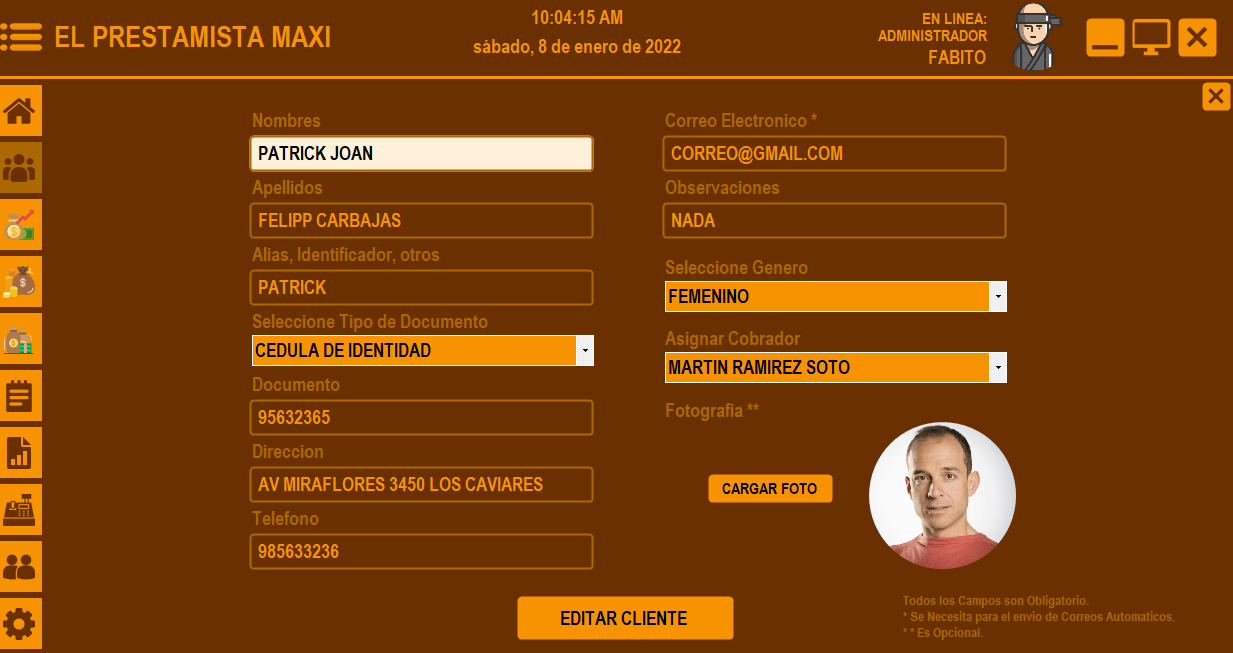 Clientes El Prestamista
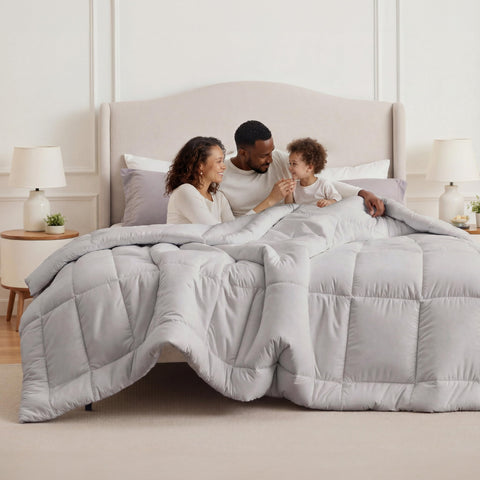 Bedsure oversized king front view showing full-bed coverage and neat drape for comfort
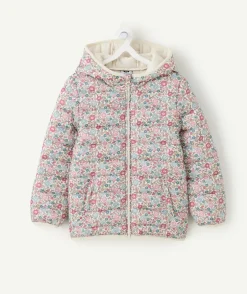 Blouson fille matelassé imprimé fleuri zippé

──────────

**YOUR INSTRUCTIONS**
Set down the material again exactly. Don't carry over any pictures.

**EXERCISE OUTPUT**
 Clientes El Prestamista
 Bedsure oversized king front view showing full-bed coverage and neat drape for comfort
 Blouson fille matelassé imprimé fleuri zippé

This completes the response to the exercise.